* [PROBLEM DETAILS] Could you write out the opening lines of the data, word for word, stopping after the line that contains "Karta graficzna RTX"?

>>>

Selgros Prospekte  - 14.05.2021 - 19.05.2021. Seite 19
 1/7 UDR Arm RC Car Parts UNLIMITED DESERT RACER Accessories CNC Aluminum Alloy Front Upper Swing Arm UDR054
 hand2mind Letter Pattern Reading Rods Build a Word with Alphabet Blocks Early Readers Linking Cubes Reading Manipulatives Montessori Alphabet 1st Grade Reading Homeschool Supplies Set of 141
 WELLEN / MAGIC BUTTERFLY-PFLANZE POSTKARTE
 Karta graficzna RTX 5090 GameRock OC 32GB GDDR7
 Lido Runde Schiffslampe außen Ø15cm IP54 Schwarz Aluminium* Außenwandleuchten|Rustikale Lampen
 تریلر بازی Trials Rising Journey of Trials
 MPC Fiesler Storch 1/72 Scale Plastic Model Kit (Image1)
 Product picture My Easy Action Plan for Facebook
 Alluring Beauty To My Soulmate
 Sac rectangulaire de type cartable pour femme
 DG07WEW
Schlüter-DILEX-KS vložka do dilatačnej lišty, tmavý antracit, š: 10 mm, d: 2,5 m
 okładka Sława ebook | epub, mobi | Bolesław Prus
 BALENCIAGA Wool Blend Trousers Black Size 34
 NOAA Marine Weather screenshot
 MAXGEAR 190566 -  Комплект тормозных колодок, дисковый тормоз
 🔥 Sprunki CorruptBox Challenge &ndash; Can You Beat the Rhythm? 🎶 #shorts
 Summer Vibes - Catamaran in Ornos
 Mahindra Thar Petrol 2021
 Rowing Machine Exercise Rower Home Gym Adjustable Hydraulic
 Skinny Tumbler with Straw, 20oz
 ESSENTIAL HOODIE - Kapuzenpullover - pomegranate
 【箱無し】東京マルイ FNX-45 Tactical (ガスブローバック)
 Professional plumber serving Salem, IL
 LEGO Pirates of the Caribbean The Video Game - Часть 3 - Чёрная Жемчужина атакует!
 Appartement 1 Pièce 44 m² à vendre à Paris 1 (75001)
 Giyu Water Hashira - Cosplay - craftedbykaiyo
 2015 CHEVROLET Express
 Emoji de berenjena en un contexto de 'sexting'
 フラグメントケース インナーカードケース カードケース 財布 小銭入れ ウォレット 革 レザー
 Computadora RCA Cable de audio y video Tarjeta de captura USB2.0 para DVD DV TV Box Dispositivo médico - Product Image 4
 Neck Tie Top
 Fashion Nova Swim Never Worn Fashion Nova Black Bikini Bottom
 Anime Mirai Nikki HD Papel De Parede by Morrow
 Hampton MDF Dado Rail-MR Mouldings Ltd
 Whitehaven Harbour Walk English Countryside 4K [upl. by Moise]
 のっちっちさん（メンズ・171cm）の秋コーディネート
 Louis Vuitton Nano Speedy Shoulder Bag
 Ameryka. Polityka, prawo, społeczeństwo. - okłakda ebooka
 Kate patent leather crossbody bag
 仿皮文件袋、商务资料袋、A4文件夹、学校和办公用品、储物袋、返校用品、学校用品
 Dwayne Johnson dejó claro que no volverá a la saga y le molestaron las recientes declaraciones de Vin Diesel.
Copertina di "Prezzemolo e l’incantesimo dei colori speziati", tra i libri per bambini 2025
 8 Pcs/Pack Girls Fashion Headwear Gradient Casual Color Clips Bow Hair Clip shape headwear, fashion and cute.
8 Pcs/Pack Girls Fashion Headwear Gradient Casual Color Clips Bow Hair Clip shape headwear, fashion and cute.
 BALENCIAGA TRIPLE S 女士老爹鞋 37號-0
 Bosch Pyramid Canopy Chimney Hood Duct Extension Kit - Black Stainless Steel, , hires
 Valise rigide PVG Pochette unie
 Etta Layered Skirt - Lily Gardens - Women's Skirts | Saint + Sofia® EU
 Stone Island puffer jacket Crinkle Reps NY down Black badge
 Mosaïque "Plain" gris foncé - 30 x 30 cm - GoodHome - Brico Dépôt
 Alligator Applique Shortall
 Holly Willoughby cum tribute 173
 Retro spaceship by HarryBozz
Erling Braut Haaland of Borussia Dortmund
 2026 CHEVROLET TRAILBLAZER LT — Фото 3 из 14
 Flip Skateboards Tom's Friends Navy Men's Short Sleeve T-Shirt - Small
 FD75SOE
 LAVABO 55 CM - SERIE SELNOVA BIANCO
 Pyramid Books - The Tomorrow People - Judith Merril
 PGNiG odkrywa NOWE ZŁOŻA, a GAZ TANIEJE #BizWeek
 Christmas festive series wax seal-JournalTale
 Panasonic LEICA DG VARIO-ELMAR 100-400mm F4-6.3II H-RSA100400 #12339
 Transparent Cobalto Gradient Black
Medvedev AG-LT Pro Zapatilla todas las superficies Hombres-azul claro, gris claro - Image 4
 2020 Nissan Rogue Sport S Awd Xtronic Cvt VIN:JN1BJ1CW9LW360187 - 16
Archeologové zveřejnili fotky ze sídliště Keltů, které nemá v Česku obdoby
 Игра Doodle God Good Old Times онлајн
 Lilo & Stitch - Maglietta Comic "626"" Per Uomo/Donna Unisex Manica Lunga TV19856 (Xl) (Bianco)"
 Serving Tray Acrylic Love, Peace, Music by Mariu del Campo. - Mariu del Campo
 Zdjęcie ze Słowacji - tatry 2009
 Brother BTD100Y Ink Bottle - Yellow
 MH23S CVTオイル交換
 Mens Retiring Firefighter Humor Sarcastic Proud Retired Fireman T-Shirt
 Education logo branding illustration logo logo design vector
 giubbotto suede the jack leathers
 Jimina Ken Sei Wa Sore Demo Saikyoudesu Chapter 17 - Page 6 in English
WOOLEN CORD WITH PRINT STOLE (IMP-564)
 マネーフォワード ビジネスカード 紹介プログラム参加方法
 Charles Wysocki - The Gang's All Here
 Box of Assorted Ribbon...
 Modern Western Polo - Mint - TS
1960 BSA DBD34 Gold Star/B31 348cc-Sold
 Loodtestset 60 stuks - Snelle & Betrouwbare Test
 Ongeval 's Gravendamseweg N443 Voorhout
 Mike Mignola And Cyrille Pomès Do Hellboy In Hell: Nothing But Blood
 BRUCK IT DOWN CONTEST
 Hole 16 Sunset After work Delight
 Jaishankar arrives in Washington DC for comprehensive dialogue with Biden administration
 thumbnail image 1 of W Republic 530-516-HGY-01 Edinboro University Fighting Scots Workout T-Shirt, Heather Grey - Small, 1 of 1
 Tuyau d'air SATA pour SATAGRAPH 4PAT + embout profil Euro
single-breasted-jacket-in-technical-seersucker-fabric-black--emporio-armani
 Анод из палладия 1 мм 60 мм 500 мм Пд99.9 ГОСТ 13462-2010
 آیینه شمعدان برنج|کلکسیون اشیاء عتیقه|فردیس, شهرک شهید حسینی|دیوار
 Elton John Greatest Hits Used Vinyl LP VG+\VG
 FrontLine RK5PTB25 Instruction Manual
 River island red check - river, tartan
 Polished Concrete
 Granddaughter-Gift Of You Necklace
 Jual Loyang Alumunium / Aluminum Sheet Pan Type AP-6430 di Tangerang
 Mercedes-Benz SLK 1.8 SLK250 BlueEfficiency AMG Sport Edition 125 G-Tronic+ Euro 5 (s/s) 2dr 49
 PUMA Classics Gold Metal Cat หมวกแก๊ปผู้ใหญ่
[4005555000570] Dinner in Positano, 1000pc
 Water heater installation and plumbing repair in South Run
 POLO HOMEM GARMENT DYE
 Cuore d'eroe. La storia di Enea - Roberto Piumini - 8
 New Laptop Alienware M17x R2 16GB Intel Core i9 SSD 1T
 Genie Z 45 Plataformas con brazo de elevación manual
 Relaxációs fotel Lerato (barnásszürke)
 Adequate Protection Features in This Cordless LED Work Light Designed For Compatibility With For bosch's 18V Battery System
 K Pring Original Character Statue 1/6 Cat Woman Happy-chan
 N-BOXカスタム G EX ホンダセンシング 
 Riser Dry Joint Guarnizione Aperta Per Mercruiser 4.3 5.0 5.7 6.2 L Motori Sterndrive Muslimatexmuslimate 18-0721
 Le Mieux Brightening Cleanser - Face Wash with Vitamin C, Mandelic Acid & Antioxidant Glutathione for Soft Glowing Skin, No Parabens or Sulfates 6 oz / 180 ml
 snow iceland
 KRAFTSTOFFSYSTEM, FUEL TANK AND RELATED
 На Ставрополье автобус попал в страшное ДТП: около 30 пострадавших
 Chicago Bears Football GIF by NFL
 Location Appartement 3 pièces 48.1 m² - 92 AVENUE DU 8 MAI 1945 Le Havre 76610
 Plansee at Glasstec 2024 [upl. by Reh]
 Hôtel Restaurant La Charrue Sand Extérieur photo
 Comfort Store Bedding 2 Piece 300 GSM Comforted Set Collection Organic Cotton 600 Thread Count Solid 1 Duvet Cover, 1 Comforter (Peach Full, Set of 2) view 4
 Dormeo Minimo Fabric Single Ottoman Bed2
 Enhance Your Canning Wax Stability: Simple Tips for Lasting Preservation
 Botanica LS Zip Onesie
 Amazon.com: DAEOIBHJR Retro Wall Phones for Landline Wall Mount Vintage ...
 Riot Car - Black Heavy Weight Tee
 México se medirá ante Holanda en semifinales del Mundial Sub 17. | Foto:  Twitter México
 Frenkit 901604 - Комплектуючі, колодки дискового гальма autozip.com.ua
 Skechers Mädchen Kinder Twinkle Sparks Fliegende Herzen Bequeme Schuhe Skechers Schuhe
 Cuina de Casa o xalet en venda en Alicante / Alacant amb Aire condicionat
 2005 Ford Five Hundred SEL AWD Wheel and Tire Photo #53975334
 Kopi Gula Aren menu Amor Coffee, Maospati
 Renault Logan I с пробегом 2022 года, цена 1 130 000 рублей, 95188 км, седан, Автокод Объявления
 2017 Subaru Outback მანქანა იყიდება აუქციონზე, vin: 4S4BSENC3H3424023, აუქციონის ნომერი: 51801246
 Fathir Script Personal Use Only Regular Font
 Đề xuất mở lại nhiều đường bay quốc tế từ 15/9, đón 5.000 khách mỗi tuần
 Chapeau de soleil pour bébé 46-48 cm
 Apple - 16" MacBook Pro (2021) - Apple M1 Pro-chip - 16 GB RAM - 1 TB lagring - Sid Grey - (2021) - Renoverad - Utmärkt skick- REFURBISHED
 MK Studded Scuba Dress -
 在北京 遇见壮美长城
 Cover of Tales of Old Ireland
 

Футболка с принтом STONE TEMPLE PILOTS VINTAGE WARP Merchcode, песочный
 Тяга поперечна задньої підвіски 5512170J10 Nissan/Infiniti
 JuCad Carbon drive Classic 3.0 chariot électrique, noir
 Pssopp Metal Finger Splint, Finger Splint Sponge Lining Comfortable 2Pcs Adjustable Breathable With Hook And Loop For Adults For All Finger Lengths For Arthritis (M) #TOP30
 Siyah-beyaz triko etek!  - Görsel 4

<<<

* [SOLUTION TO THIS PROBLEM]
Selgros Prospekte  - 14.05.2021 - 19.05.2021. Seite 19
 1/7 UDR Arm RC Car Parts UNLIMITED DESERT RACER Accessories CNC Aluminum Alloy Front Upper Swing Arm UDR054
 hand2mind Letter Pattern Reading Rods Build a Word with Alphabet Blocks Early Readers Linking Cubes Reading Manipulatives Montessori Alphabet 1st Grade Reading Homeschool Supplies Set of 141
 WELLEN / MAGIC BUTTERFLY-PFLANZE POSTKARTE
 Karta graficzna RTX 5090 GameRock OC 32GB GDDR7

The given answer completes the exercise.